▶ **WHAT YOU WILL DO**:
Leaving out every picture, retype the lines below from the top through the one that contains "kitchen featuring dark".

GIVEN RECORDS START

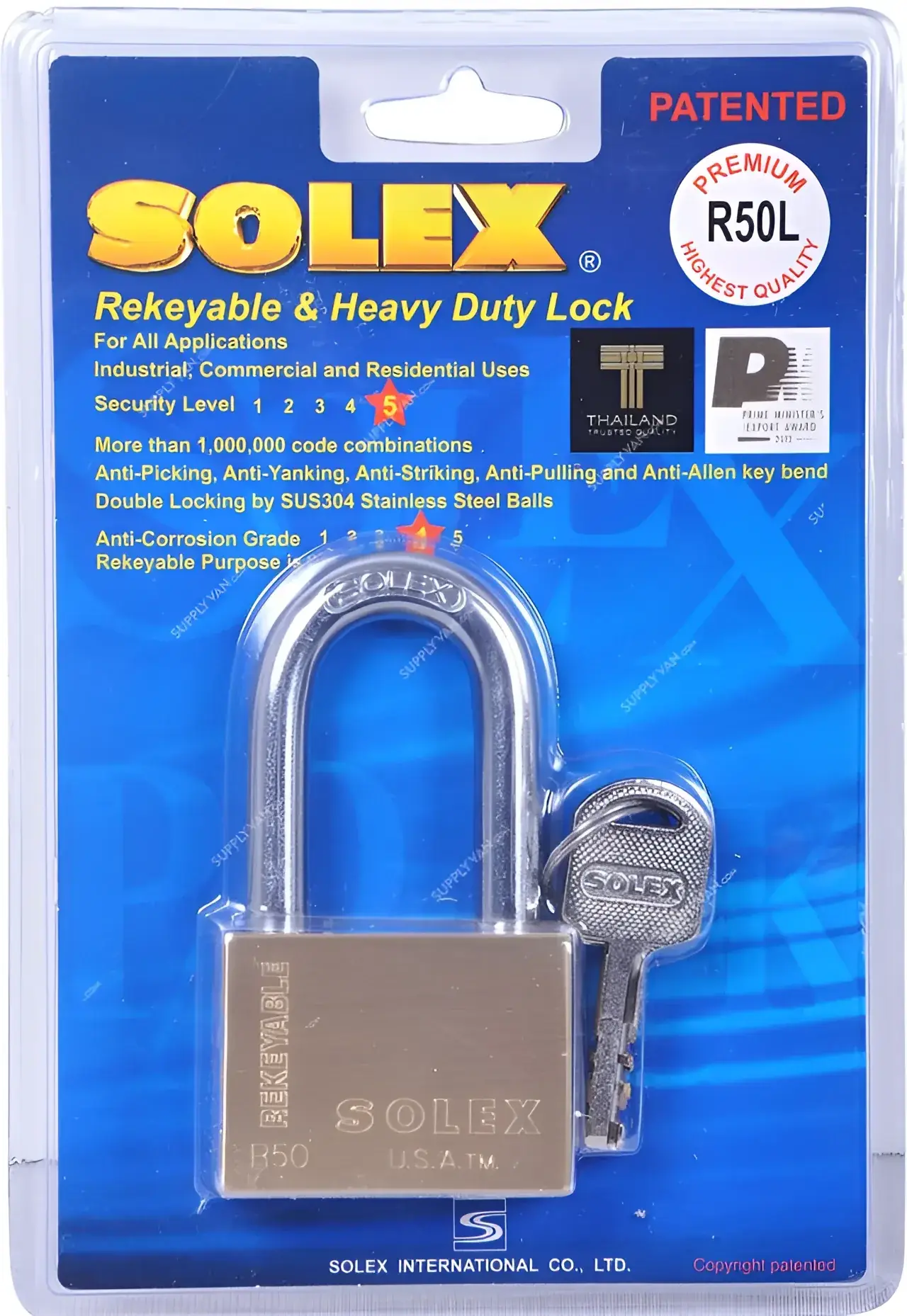 Solex Brass Body Rekeyable & Heavy Duty Lock - 50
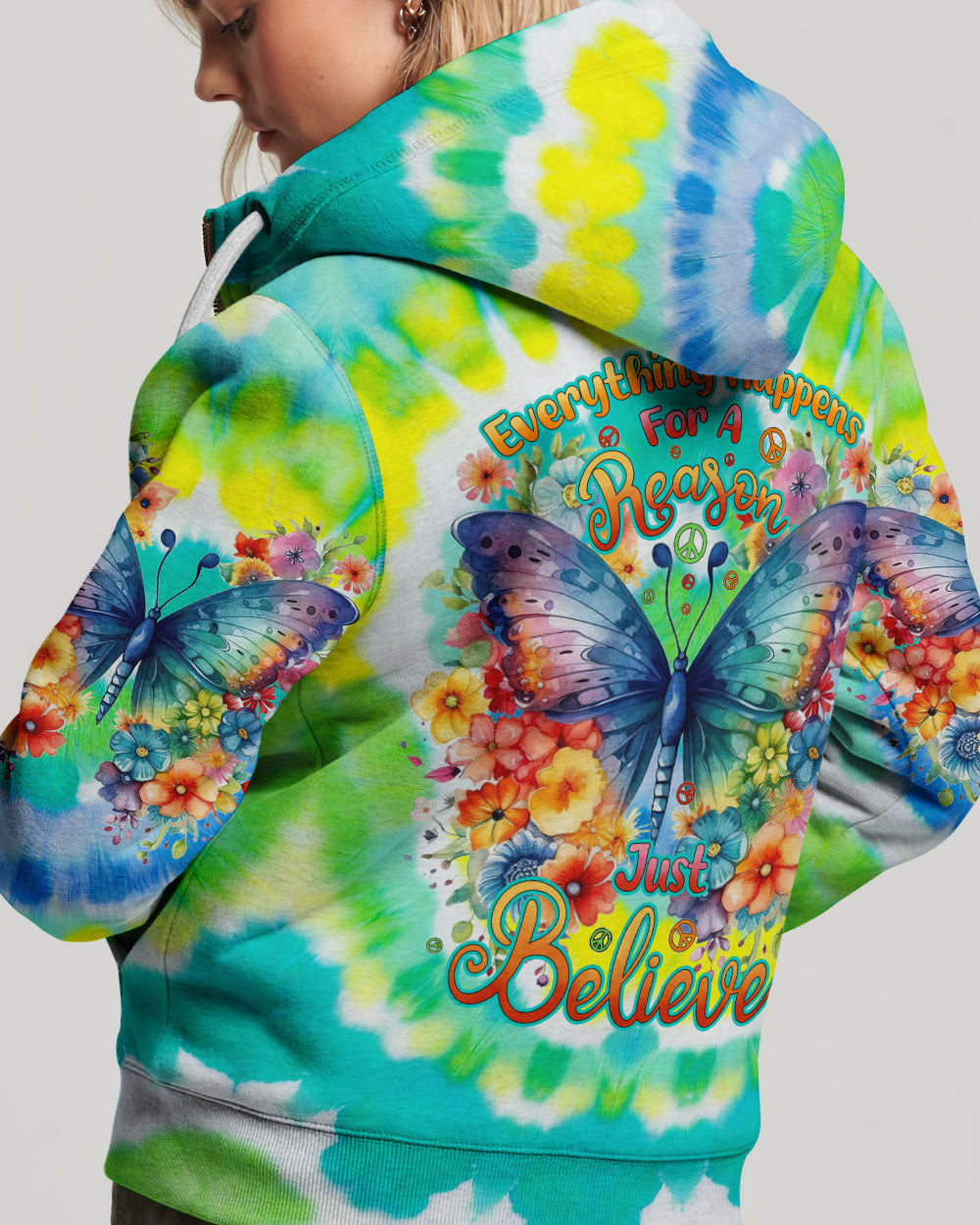 JUST BELIEVE BUTTERFLY TIE DYE ALL OVER PRINT - TYHI3105241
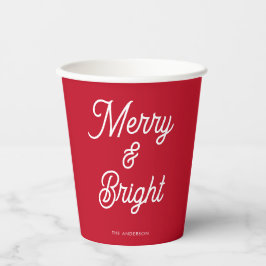 Frohe und helle rote Weihnachten Pappbecher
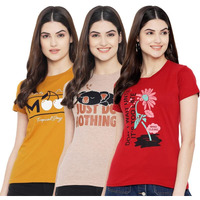 Preneum Women's Cotton Regular Fit Latest Graphic Stylish Printed Short Sleeves Casual T-Shirt || Trend & Styles (Pack 3), Yellow & Brown & Red, Xl
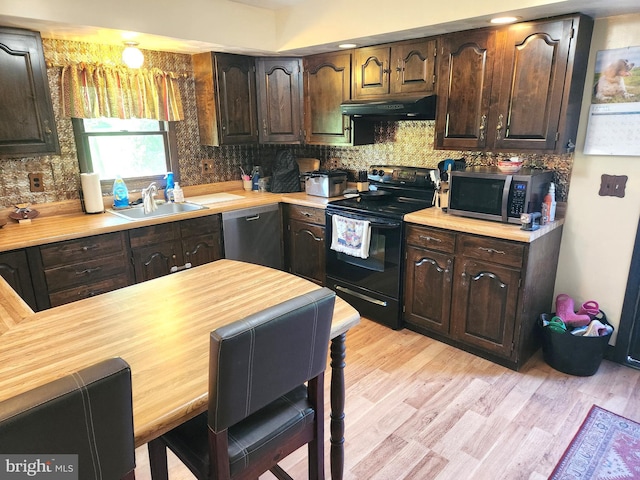 kitchen featuring dark brown cabinets, a sink, stainless steel appliances, backsplash, and under cabinet range hood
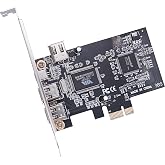 NFHK Card PCI-E 1X 4X 16X to Firewire 400 Capture Card IEEE 1394a PCI Express 4 Ports Card 6Pin and 4Pin IEEE-1394 400Mbps Adapter for Windows Mac Os Linux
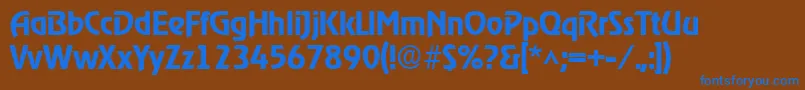 RevelmediumRegular Font – Blue Fonts on Brown Background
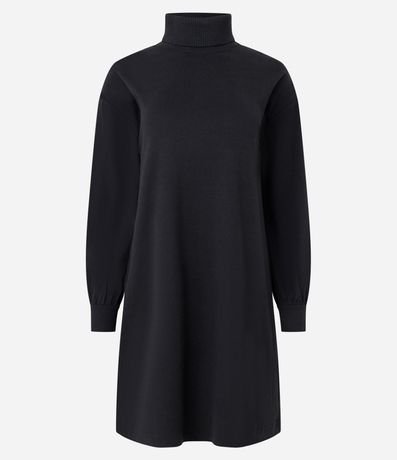 Vestido en Suedine con Cuello Alto y Puños Ajustados 5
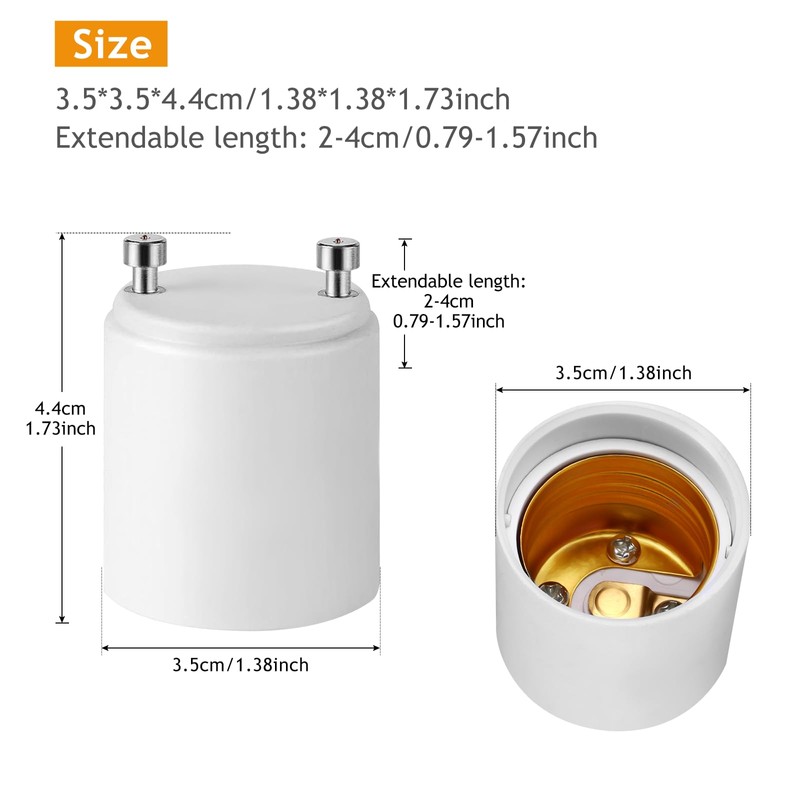 5 Pack Light Socket Outlet Adapter - E26 Light Socket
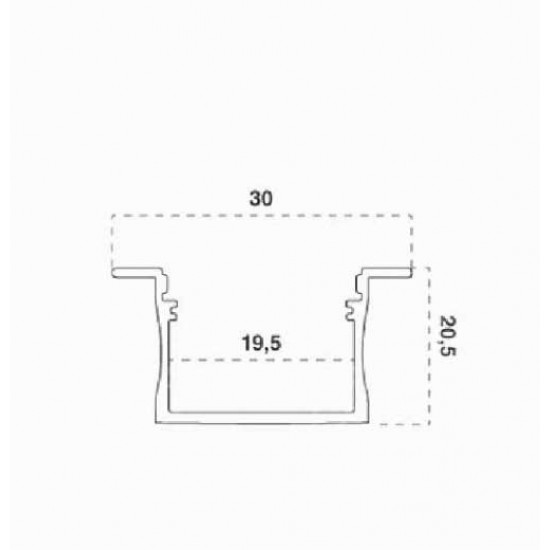 2 Meter SET Alu Profil PRO SPECIAL Unterputz Alu UL3372
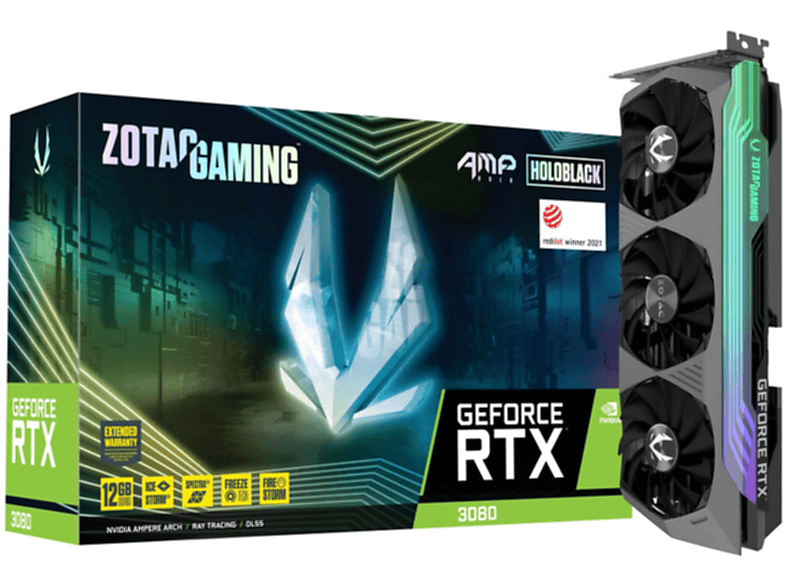 ZOTAC  GAMING GeForce RTX 3080 AMP Holo LHR 12GB (NVIDIA, Grafikkarte)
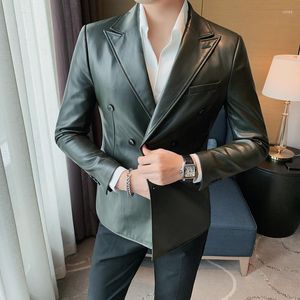 Men's Suits Brand Leather Suit Jackets Men Autumn Winter Double Breasted Slim Casual Business Blazer Masculino Streetwear Clothing 2023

GIVEN RECORDS END

▶ **TASK ANSWER**:
 Solex Brass Body Rekeyable & Heavy Duty Lock - 50
 JUST BELIEVE BUTTERFLY TIE DYE ALL OVER PRINT - TYHI3105241
 Frohe und helle rote Weihnachten Pappbecher
 Preneum Women's Cotton Regular Fit Latest Graphic Stylish Printed Short Sleeves Casual T-Shirt || Trend & Styles (Pack 3), Yellow & Brown & Red, Xl
 kitchen featuring dark brown cabinets, a sink, stainless steel appliances, backsplash, and under cabinet range hood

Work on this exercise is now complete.